** Captioned web images **
=== Section Start ===
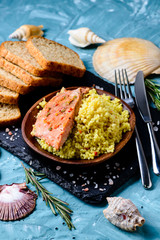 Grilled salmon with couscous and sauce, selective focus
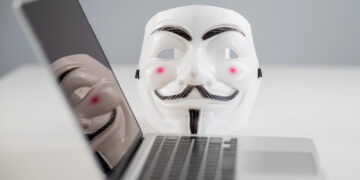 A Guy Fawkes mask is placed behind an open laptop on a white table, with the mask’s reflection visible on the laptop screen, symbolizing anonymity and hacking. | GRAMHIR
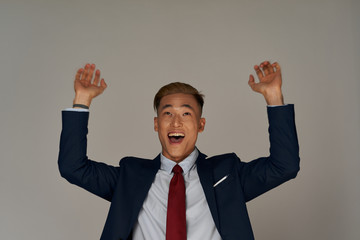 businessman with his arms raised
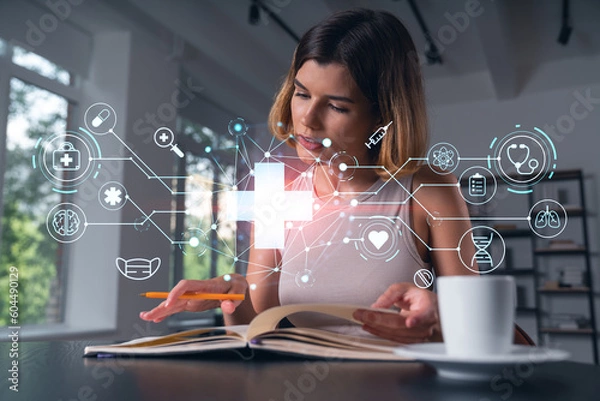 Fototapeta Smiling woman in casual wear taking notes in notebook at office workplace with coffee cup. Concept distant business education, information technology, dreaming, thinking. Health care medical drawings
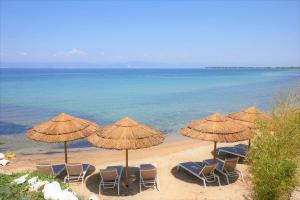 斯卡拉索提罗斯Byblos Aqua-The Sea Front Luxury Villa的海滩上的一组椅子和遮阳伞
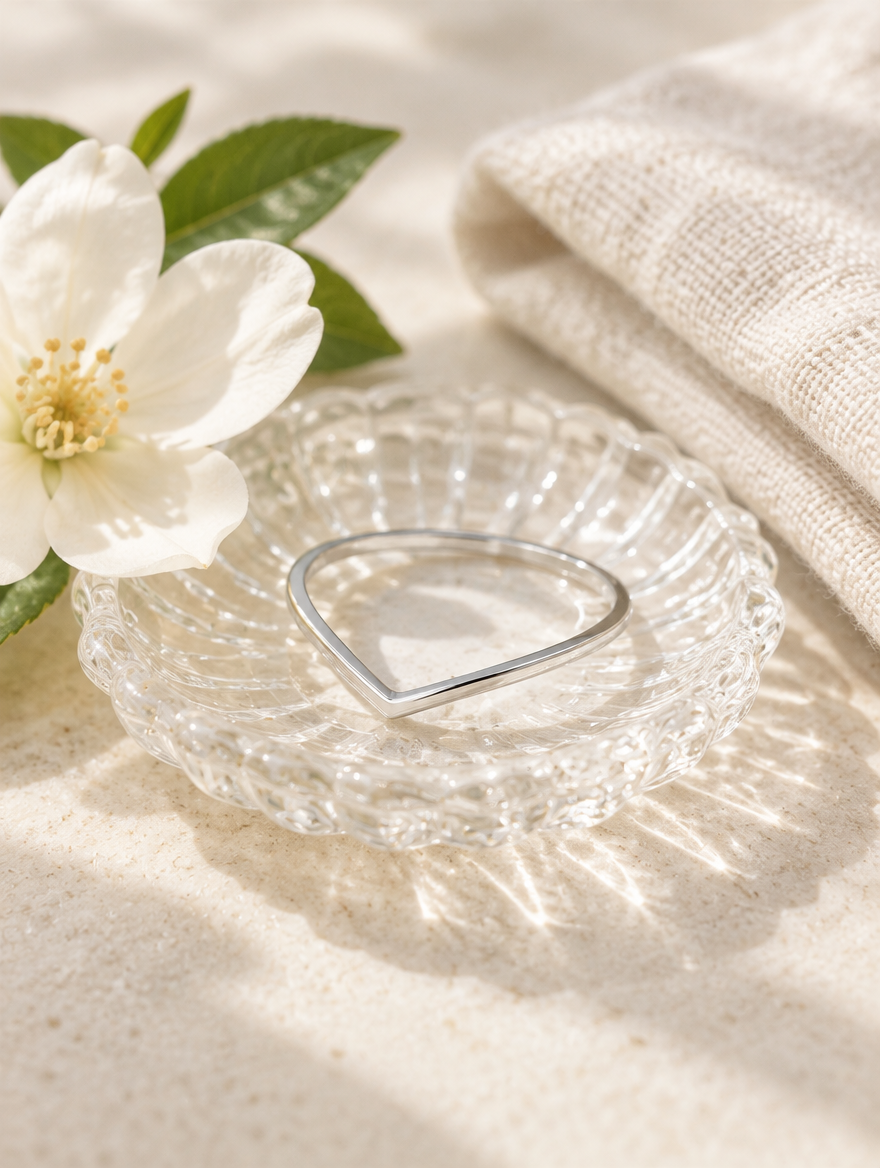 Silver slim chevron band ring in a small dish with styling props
=== Section End ===
** EXERCISE AIM **
Nothing but an exact copy of the data above, minus its pictures, should appear in the response.

** SOLUTION FOR THIS PROBLEM **
 Grilled salmon with couscous and sauce, selective focus
 A Guy Fawkes mask is placed behind an open laptop on a white table, with the mask’s reflection visible on the laptop screen, symbolizing anonymity and hacking. | GRAMHIR
 businessman with his arms raised
 Fototapeta Smiling woman in casual wear taking notes in notebook at office workplace with coffee cup. Concept distant business education, information technology, dreaming, thinking. Health care medical drawings
 斯卡拉索提罗斯Byblos Aqua-The Sea Front Luxury Villa的海滩上的一组椅子和遮阳伞
 Silver slim chevron band ring in a small dish with styling props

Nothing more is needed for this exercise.